There are approximately 4,500 stocks listed on the New York Stock exchange.
Another 3,500 are listed on the NASDAQ. Which one will you trade? Got the time to stay on top of so many
companies?
In spot
currency trading, there are dozens of currencies traded, but the majority of
market players trade the four major pairs. Aren't four pairs much easier to
keep an eye on than thousands of stocks?
That's just one of the many advantages of the forex market over the stock markets. Here are a few more:
24-Hour Market
The forex market is a seamless 24-hour market. Most brokers are open from Sunday at 4:00
pm EST until Friday at 4:00 pm EST, with customer service usually available
24/7. With the ability to trade during the U.S., Asian, and European market
hours, you can customize your own trading schedule.
Minimal or No Commissions
Most forex brokers charge no
commission or additional transactions fees to trade currencies online or over
the phone. Combined with the tight, consistent, and fully transparent spread,
forex trading costs are lower than those of any other market. Most brokers are
compensated for their services through the bid/ask spread.

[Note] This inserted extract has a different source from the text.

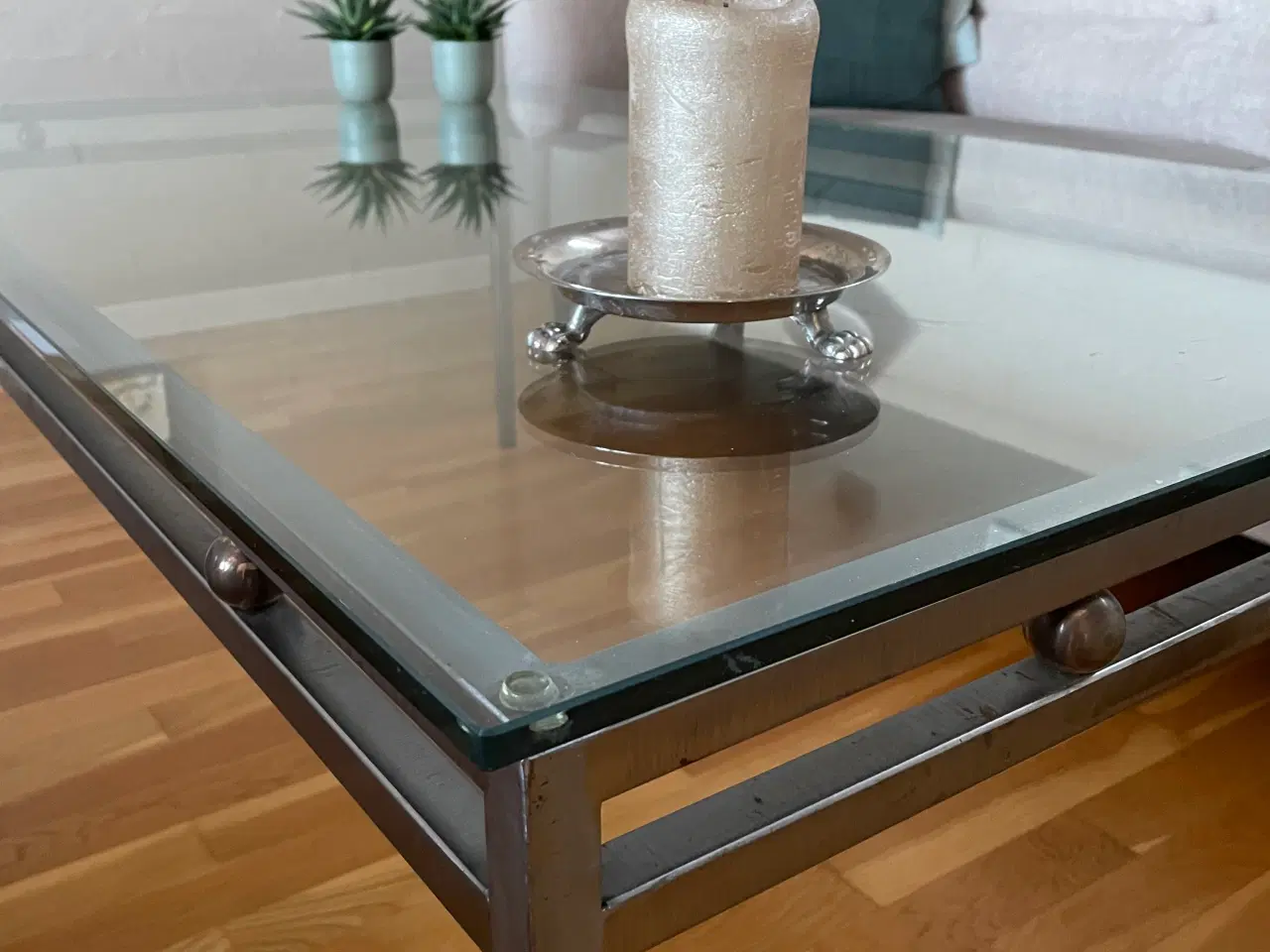 Billede 2 - GRATIS SOFABORD MED GLASPLADE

Instant Execution of Market
Orders
Your trades are instantly
executed under normal market conditions. Under these conditions, usually the
price shown when you execute your market order is the price you get. You're
able to execute directly off real-time streaming prices (Oh yeeeaah! Big
time!).
Keep in mind that many brokers
only guarantee stop, limit, and entry orders under normal market conditions.
Trading during a massive alien invasion from outer space would not fall under
"normal market" conditions. Fills are instantaneous most of the time,
but under extraordinarily volatile market conditions, like during Martian
attacks, order execution may experience delays.

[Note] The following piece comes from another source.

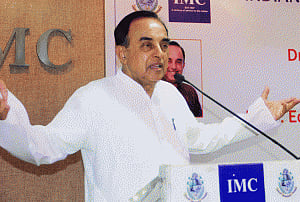 Prez forwards Swamy's complaint against Kejriwal to Home Min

Short-Selling without an Uptick
Unlike the equity market, there
is no restriction on short selling in the currency market. Trading
opportunities exist in the currency market regardless of whether a trader is
long or short, or whichever way the market is moving. Since currency trading
always involves buying one currency and selling another, there is no structural
bias to the market. So you always have equal access to trade in a rising or
falling market.
No Middlemen
Centralized exchanges provide
many advantages to the trader. However, one of the problems with any
centralized exchange is the involvement of middlemen. Any party located in
between the trader and the buyer or seller of the security or instrument traded
will cost them money. The cost can be either in time or in fees.
Spot currency trading, on the
other hand, is decentralized, which means quotes can vary from different
currency dealers. Competition between them is so fierce that you are almost
always assured that you get the best deals. Forex traders get quicker access
and cheaper costs.
Buy/Sell programs do not control the market.

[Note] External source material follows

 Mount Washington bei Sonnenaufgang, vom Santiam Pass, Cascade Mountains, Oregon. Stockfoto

How many times have you heard
that "Fund A" was selling "X" or buying "Z"? The
stock market is very susceptible to large fund buying and selling.
In spot trading, the massive
size of the forex market makes the likelihood of any one fund or bank
controlling a particular currency very small. Banks, hedge funds, governments,
retail currency conversion houses, and large net worth individuals are just
some of the participants in the spot currency markets where the liquidity is
unprecedented.
Analysts and brokerage firms are
less likely to influence the market
Have you watched TV lately?
Heard about a certain Internet stock and an analyst of a prestigious brokerage
firm accused of keeping its recommendations, such as "buy," when the
stock was rapidly declining? It is the nature of these relationships. No matter
what the government does to step in and discourage this type of activity, we
have not heard the last of it.
IPOs are big business for both
the companies going public and the brokerage houses. Relationships are mutually
beneficial and analysts work for the brokerage houses that need the companies
as clients. That catch-22 will never disappear.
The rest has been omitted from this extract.